Here are some labels that people have applied to me throughout my life, good or bad: shy, quiet, smart, creative, artistic, funny, good baker, seafood hater. I have found in my own life that labels applied by other people actually held as much or more sway than the ideas I had about myself.
My whole life I have been labeled, "shy". This word is never meant in any way other than derogatory. I have had this word applied to me so often that perhaps it fused into my very soul and influenced my development. I have to wonder whether the label kept me from reaching out to others through the years, kept me in a little box neatly labeled "shy" in which I was previously categorized. I always thought I was just defective that way, but I just wonder whether it was that perception of myself, imposed by someone outside myself, that kept me practicing shy behavior always.
I personally have such people-pleasing tendencies that I always try to live up to whatever people expect of me. Wouldn't want to disappoint them, and if someone says I'm defective I must be defective.
For a people-pleaser it can be dangerous to identify too closely with "good" labels as well. For me such identification influences me to take fewer risks and keep myself inside my own little bubble.
I have always been interested in baking, and am known for making really good desserts. Sometimes I'm afraid of ruining this reputation by trying new recipes/techniques. What if it comes out bad? Will I no longer be Rachel, "good baker"?
If I am "creative" and my creation turns out ugly, will people think I'm still "creative"?
If I'm "smart" and become a Christian, which I always thought was the epitome of stupidity, will people still think I'm "smart"?

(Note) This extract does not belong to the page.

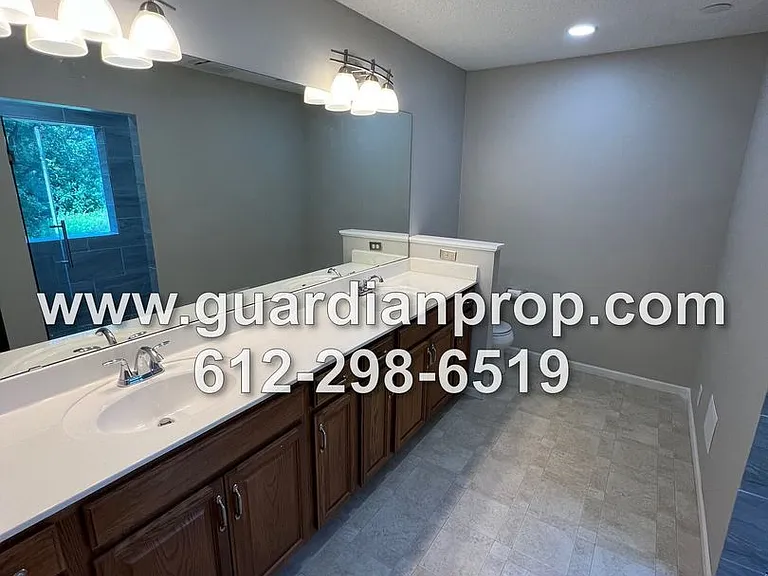 7303 Hidden Valley Ln S — Photo 16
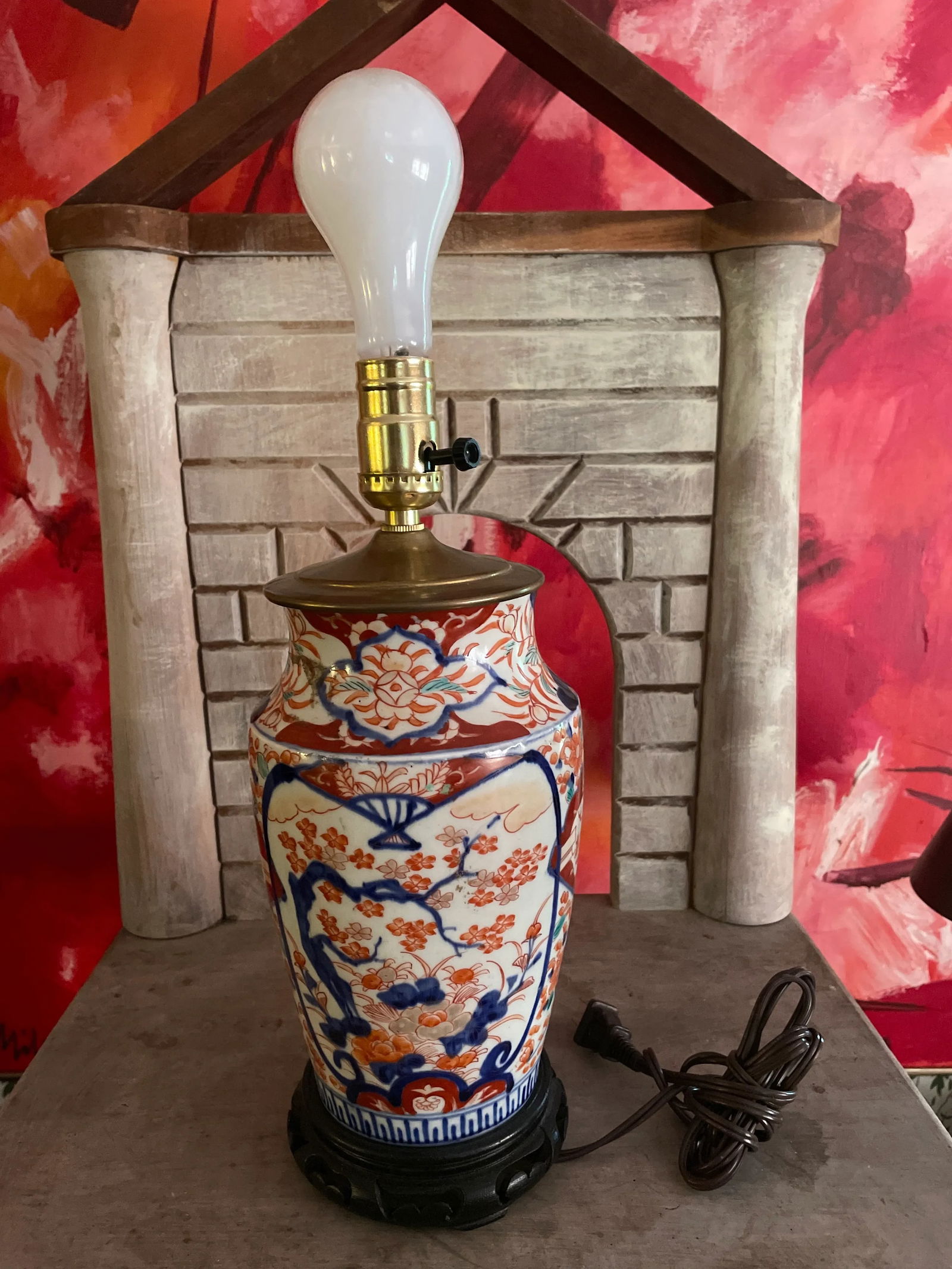 Japanese Imari Style Porcelain Ceramic Table Lamp With Wooden Base - 7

Growing up I always thought that my parents' love was contingent upon achievement. I don't remember being praised very often except for when I brought home good grades and report cards. I tried playing sports to win the approval of my dad, even though I didn't really like sports. I know they didn't intentionally train me to think that way, and that it really isn't true. But my perception of myself being an "achiever" kept me chained to this never ending cycle of trying to win love by doing instead of being.
Self-identifying with these labels tends to keep me from living life unencumbered.
I hope that as I raise Baby Lilly I will be careful about applying labels to her which I don't want to her to claim and self-identify with, especially derogatory labels.
I hope I can be careful about labeling the behavior and not the person.
This goes beyond myself and my relationship with my daughter. Applied to other people, I think it can help foster true charity because people are more than their behaviors and circumstances. Anyone is capable of change if you only show them patience, and beyond that, we all deserve to be loved because of our inherent dignity as human beings created in the image and likeness of God. Not for being useful or fulfilling certain roles for other people.
One of my highest goals is to live with integrity. Let go of imposed or self-imposed labels and become the woman that God designed me to be.